I don’t want to make this post about me because it really isn’t, but I always dreamed of interviewing Pete Burns.
I guess it was on my bucket list. I presumed he wouldn’t be an easy ride, a frosty guest, a challenge. By no means an easy job, but most certainly an exciting and intriguing one.
For me anyway, the best pop stars are the most daring ones: artists that don’t compromise on artistic integrity and musicians that do it their own way without changing or bowing down to critics, record labels or management. I love that true punk spirit, and Pete Burns had an overflow of it.
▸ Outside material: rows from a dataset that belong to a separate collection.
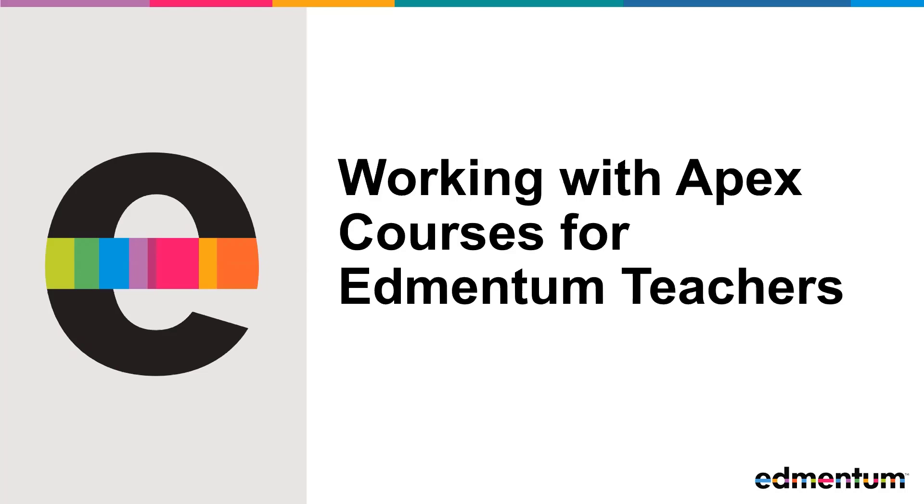Welcome to Edmmentum Courses, utilizing content from Apex Learning. In this video, you will learn how to access courses, navigate through activities, and how students complete and submit course assignments.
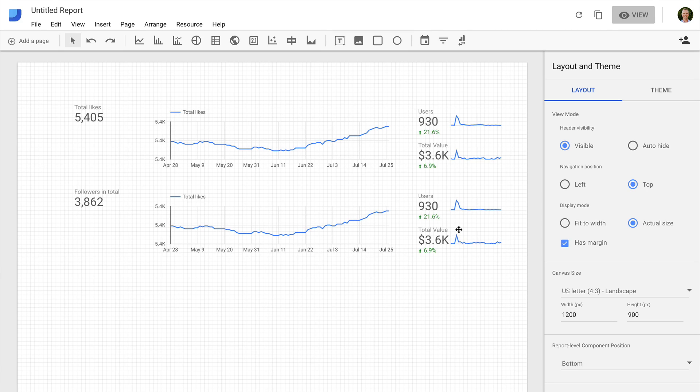Now I can copy my scorecard and sparkline, and change them from showing users to total value. So now I can copy these elements for my other social networks. I'll need to change the data source for my metrics — let's click on total likes, remove the Facebook data source, and select a new data source. We're going to reselect Google Sheets and the spreadsheet we created, but this time select LinkedIn and connect. We need to reselect the metric, click custom for the date range, select today, and click apply. We can now see our number of LinkedIn followers.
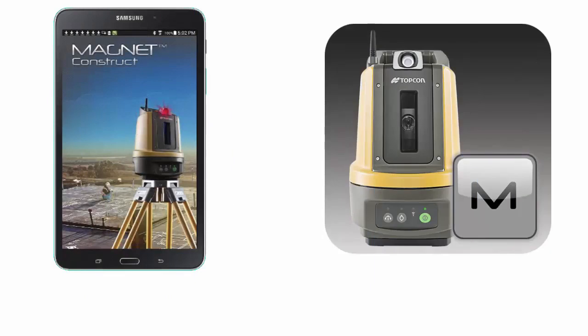Hello and welcome to a series of instructional videos made to guide you through TopCon's free Magnet Construct app. This app drives the LN100 Navigator and is designed for Android devices. In this first video we will install the Magnet Construct app on a Samsung Galaxy Tab 4 mobile device. This video was made in real time so it should be easy to follow along.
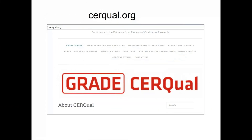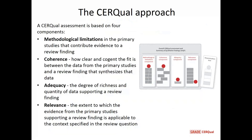I just briefly wanted to touch on GRADE-CIRQAL, just so that you know that it exists. Many of you will be familiar with GRADE, which is for assessing the certainty in quantitative findings. There is an equivalent approach for assessing the confidence of the evidence from reviews of qualitative research, and the website is here so you can go and have a look.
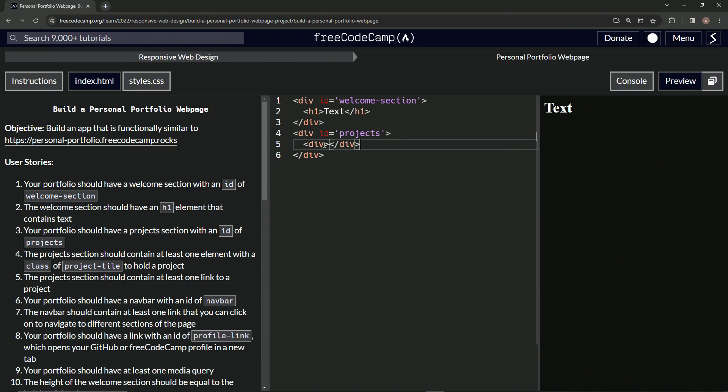And inside here, we'll give it a class of project-tile. So class equals project hyphen tile.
I never met him but I did see him live a few times. He had stage presence aplenty and a casual, effortless sense of knowing what he was doing. A true pro. His no-bullshit attitude and honest approach to things or people he had no care for was both uncomfortable and brilliant to watch. He wasn’t always kind about people. He definitely didn’t mince his words, but often he had a valid point. He either liked you or he didn’t, and he was fearless enough to tell you if he didn’t and why. His music with Dead Or Alive was not only vibrant and hooky, it managed to ride that often idiosyncratic blend of commercial success with a dark underbelly. Visually, of course, Burns was stark, bold, unconventional and striking. Mad, bad and dangerous to know.
He was an entertainer in more ways than one.